Kairo. Die blonde Fotografin weiß nicht, wie ihr geschieht, als sich auf einer Straße neben dem Tahrir-Platz plötzlich eine Gruppe von Anhängern der ägyptischen Regierungspartei auf sie stürzt und ihr die Kamera aus der Hand reißen will. Mitglieder einer Bürgerwehr aus dem Viertel kommen ihr zu Hilfe. Sie zerren sie in eine kleine Nebenstrasse und bringen sie in Sicherheit.
In Kairo herrscht Stimmung wie bei einer Treibjagd. Anhänger der Nationaldemokratischen Partei von Präsident Husni Mubarak haben es auf ausländische Journalisten abgesehen.
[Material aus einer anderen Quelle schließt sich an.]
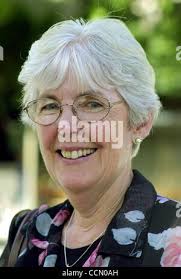 In this photo taken June 16, 2010, Karen Eckert wears a photo of her sister Beverly  Eckert, a victim of the crash of Continental Connection Flight 3407 in Feb.  2009 near Buffalo,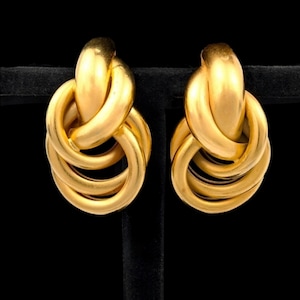 May include: A pair of gold-toned earrings with a knotted design. The earrings have a polished finish and a three-dimensional, intertwined loop structure. The background is black, highlighting the earrings' metallic sheen.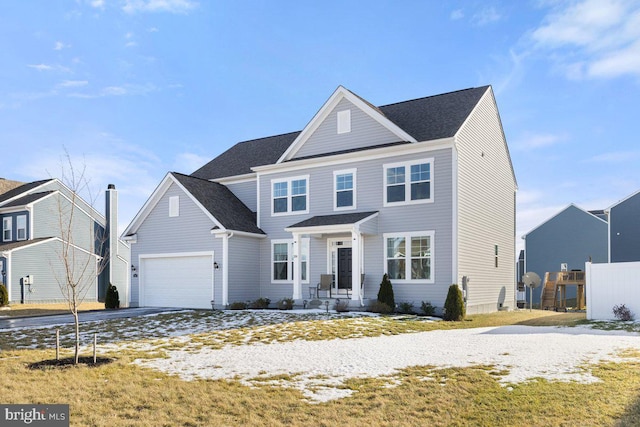 traditional-style home with a garage, driveway, and a residential view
Und sie ersuchen die Mubarak-Gegner vom Tahrir-Platz zu vertreiben, auf dem sie seit dem 25. Januar kampieren, um den Präsidenten zum Rücktritt zu zwingen.
„Verschwindet, ihr Scheiß-Ausländer“, ruft eine Gruppe von Schlägern hinüber zu einer Gruppe von Journalisten. Plötzlich galoppieren Dutzende von Männern mit Pferden und Kamelen auf den Platz, mitten in die Menge der Demonstranten hinein. Mit Stöcken und Eisenstangen schlagen sie auf die Köpfe der Menschen, die um sie herum auseinanderstürmen.
„Es war wie ein Kavallerieangriff mitten in der Stadt“, sagt ARD-Hörfunkreporter Martin Durm, der auf dem Platz beschimpft wird, sobald er sein Mikrofon auspackt.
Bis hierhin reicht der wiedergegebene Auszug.